The stage is set for action...hair-breadth escapes, run-away stage coaches, tense stand-offs, rousing songs at the Sazerac Saloon (where Julia is the headliner as a singer and dancer), a desperate wagon train running out of water and attacked in the desert by Humphrey Bogart, bullet extractions, beautiful desert scenery, a court martial and a cavalry charge to the rescue, not in that order. We even get a dignified Jefferson Davis, a jocular General George Meade and a merciful and wise Abraham Lincoln, who recites parts of his second inaugural address to a teary-eyed Julia.
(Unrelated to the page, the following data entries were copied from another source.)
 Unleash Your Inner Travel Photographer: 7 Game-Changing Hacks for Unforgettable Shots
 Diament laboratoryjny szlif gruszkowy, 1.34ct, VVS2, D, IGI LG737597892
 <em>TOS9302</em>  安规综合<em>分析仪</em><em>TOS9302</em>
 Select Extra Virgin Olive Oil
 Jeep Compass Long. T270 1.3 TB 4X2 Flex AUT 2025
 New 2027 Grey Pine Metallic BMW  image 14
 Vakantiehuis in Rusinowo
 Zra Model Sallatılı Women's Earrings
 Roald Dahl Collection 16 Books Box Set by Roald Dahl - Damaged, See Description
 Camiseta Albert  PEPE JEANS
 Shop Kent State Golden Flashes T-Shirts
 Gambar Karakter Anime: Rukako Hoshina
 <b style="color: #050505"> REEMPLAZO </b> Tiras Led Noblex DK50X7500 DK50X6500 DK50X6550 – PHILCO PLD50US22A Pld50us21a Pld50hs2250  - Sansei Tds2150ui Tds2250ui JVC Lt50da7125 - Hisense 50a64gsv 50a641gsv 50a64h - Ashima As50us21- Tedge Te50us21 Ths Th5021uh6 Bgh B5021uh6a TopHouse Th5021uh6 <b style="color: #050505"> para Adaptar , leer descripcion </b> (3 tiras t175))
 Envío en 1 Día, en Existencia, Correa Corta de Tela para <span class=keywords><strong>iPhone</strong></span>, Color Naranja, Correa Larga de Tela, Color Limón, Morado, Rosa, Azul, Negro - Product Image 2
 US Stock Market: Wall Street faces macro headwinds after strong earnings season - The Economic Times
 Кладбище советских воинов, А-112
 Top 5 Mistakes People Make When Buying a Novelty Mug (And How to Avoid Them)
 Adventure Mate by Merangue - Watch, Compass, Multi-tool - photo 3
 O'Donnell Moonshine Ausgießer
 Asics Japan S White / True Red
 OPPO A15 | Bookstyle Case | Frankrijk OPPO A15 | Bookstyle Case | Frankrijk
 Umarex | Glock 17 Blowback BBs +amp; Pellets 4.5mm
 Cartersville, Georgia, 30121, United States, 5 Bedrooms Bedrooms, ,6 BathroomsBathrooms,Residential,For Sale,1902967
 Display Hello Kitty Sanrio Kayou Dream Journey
Errol Flynn does a bang-up job, but Miriam Hopkins and Humphrey Bogart are game but miscast. Hopkins is as unlikely an earnest Southern spy as she is a saloon singer, yet she's still highly watchable as both. She was born and raised in Georgia, but the softness of a high-bred Southern belle with something approximating a New England tease makes for an accent that's uniquely hers. Her lower choppers are charmingly irregular and she can handle a high kick with ease. Hopkins was so mischievous and sly an actress that it must have been hard to find the right movies for her. That she took Hollywood less than seriously probably didn't help. For her best work, you'll need to watch Trouble in Paradise, The Smiling Lieutenant and Design for Living. At 47 she was memorable as Aunt Livinia in The Heiress.

As for Bogart, after this movie he probably counted his blessings that in the following year he broke through with High Sierra and The Maltese Falcon. If Bogart hadn't scored these two, it's just likely he would have been stuck for the rest of his life competing for character parts with J. Carroll Naish.

Thank goodness we have Randolph Scott to provide the movie's steadfastness and old- fashioned honor. He may be playing a reb, he may be up against Errol Flynn as a hero and a suitor, but Scott knows how to hold his own in these kinds of pictures. On balance, Virginia City is easy to watch, thanks to Scott and Flynn. Miriam Hopkins makes for a unique kind of heroine and even Humphrey Bogart's secondary villain is interesting in a ludicrous sort of way.